Resta un margine di incertezza sulle date mediorientali di fine 2026, legate al contesto internazionale: se Bahrain e Arabia Saudita non potessero disputarsi come previsto a inizio 2027, la Formula 1 valuterebbe di anticipare Australia, Cina o Giappone come apertura di stagione.

Le motivazioni della Formula 1

A giustificare l’ampliamento del format sono i numeri diffusi dallo stesso Circus: dal debutto nel 2021, i weekend Sprint registrerebbero un pubblico superiore del 12% rispetto agli eventi tradizionali, con le qualifiche del sabato fino a tre volte più seguite delle prove libere.

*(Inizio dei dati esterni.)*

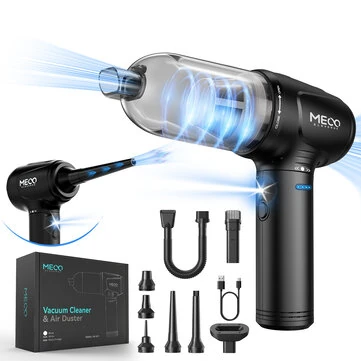 MECO ELEVERDE 4-in-1 Wireless Air Duster & Vacuum Cleaner | 6000mAh Long Battery & Type-C Fast Charging | 3-Gear Adjustable Power (Max 16KPa Suction) | for Computer, Car, Pet Hair Cleaning | with LED Light & Power Display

Secondo i dati citati, l’82% di chi partecipa a un weekend Sprint ritiene che l’evento aggiunga valore al biglietto acquistato, mentre il 75% dei tifosi di F1 considera le Sprint un arricchimento della stagione.

Il presidente della FIA Mohammed Ben Sulayem ha parlato di un calendario che «coniuga tradizione, innovazione e coinvolgimento dei fan, mantenendo al contempo i più elevati standard sportivi». Sulla stessa linea il numero uno della Formula 1 Stefano Domenicali, secondo cui il 2027 offrirà «ancora più intensità, emozioni e l’azione ruota a ruota che rende il nostro sport così speciale».

Un format che continua a dividere

L’ampliamento delle Sprint non convince però tutti gli appassionati di lunga data. Se da un lato gli autodromi restano pieni e i dati sull’audience sembrano premiare la scelta della Formula 1, dall’altro cresce il dubbio che portare il format su piste come Monaco e Yas Marina, dove il sorpasso è merce rara, rischi di trasformare il weekend in processioni precedute da due qualifiche di grande tensione.

Un compromesso tra spettacolo e sostanza sportiva che il pubblico avrà modo di giudicare weekend dopo weekend, a partire dal debutto di marzo in Bahrain.